In the previous post I suggested that Lawrence Krauss gives the impression that he wants to ignore the measurement problem and reported how he considers quantum physics to be deterministic even though he concedes that a measurement produces a random change. Having thought about it, I have concluded that this must be because he subscribes to the Copenhagen interpretation. Krauss is also a determinist and so I wonder how he reconciles these two incompatible belief systems.
The Many World interpretation seems to me a kind of development of the Copenhagen interpretation. Like the Copenhagen interpretation all the information about a particle is derivable from its wave function. The difference between the two is that the Many Worlds interpretation holds that what people have termed 'wave function collapse' never really occurs; even when a measurement seems to be made, the wave function continues as if it hasn't. The universe according to this interpretation is constantly splitting into alternative universes, perhaps all the time or perhaps only when measurements are made, I am unclear which. Consider the diffraction experiment again. Suppose we imagine a line down the middle of the central maxima; the Many Worlds interpretation holds that a number of universes split off and of the universes that branch off, half have the particle arriving on the left side and half have the particle arriving on the right side. I am unsure if Many Worlds proposes that the number of universes that branch off when a measurement is performed is finite or infinite. It is this interpretation of quantum physics that inspired Everything, Everywhere, All At Once and all the recent Marvel films.

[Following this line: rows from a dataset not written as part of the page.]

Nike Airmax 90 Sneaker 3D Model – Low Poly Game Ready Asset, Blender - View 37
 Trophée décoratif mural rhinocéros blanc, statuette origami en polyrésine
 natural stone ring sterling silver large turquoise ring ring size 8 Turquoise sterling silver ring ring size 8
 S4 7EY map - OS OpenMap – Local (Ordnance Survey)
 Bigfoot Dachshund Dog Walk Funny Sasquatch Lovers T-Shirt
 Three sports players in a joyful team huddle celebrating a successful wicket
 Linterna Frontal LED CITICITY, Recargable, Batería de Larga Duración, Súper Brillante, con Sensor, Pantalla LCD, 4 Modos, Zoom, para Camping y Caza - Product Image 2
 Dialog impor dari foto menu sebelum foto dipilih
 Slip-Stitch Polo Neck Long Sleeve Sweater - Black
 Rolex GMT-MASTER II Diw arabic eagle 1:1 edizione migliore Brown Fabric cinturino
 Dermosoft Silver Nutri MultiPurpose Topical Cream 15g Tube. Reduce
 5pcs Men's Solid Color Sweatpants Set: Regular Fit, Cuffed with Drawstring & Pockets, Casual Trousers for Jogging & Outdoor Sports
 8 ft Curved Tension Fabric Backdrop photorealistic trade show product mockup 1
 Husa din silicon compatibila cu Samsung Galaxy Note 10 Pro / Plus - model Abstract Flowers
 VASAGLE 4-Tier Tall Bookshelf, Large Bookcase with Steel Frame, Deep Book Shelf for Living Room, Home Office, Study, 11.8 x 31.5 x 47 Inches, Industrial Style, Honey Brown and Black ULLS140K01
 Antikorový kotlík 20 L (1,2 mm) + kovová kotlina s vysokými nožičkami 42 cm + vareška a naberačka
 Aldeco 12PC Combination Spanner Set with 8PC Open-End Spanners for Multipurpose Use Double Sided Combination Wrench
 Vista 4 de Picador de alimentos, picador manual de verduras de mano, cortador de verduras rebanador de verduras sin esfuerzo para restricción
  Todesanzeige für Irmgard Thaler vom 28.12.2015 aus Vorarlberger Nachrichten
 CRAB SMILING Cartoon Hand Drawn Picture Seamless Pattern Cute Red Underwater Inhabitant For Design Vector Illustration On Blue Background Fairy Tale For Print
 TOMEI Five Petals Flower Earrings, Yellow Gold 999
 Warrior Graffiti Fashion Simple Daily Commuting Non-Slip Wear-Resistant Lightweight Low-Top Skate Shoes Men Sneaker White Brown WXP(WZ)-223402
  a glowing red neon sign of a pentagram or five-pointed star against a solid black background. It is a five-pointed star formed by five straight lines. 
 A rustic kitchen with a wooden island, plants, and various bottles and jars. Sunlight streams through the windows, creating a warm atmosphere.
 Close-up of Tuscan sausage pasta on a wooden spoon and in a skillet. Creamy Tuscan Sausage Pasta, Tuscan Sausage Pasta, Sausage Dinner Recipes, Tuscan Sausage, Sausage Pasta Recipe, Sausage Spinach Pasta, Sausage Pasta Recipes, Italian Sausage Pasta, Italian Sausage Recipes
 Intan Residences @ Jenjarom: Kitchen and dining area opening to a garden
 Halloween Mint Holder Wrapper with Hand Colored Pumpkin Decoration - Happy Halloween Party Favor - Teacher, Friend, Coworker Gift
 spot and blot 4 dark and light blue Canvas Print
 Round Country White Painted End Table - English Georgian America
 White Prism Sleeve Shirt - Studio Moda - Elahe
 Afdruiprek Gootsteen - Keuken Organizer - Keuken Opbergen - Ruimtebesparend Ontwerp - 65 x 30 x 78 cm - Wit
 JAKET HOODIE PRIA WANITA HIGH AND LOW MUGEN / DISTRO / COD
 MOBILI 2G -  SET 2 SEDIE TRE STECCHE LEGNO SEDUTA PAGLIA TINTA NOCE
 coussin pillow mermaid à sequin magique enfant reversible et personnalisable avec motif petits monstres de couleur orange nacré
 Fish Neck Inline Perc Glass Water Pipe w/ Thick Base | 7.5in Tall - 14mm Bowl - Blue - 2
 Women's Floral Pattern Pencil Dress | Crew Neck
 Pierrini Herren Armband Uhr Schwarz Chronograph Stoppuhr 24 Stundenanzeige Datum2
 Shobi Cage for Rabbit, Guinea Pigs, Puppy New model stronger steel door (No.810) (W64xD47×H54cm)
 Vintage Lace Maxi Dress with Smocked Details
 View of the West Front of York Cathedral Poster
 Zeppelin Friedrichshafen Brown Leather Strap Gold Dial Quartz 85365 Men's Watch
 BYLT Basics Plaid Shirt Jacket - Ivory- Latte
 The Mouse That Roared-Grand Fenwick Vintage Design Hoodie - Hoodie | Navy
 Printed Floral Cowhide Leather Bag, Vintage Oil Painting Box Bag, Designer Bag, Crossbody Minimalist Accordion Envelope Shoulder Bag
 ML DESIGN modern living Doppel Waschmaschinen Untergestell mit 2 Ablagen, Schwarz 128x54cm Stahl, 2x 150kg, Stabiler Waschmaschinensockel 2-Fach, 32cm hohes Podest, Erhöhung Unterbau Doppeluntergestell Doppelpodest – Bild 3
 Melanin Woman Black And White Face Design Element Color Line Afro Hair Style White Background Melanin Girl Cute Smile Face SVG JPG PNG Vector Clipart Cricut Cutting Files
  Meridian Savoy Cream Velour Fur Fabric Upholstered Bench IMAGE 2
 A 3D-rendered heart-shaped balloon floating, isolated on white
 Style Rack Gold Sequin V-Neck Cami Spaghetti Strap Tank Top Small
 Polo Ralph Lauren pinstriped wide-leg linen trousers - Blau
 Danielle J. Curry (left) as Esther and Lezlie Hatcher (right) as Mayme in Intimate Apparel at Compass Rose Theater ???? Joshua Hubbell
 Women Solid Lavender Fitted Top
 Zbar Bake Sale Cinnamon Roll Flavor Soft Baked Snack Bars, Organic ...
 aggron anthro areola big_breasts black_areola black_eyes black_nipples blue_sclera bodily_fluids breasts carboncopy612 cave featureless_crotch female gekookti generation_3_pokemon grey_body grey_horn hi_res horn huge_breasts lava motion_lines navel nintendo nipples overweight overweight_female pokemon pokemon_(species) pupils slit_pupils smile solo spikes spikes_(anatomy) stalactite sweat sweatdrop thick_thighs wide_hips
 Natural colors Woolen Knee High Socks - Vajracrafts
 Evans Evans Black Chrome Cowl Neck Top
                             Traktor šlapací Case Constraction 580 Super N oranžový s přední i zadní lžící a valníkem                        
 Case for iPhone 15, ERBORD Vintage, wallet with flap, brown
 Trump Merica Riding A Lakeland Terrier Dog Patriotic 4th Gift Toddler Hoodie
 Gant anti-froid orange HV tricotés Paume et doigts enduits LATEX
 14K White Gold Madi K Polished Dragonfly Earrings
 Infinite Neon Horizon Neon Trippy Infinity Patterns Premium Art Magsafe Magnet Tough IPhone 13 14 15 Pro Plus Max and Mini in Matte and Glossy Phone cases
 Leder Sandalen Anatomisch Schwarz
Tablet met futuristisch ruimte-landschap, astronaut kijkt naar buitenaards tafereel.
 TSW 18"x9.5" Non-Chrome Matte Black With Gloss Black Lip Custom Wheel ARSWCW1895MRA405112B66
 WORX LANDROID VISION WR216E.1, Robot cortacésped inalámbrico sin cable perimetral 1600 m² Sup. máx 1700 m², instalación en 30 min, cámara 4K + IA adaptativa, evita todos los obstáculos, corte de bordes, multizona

At this point I shall digress a little. Another interest of mine is literary interpretation. I believe that successful stories, especially films, are arguments in favour of some core proposition. Everything, Everywhere, All At Once is an argument in favour of the idea that free will exists. Its central message or moral is, "No matter how shitty your life has become, you can improve it by making the right decision." Everything, Everywhere, All At Once won the Best Picture Oscar and this fills me with hope because it suggests that the Academy of Motion Pictures and Sciences has some understanding of quantum physics and its philosophical implications.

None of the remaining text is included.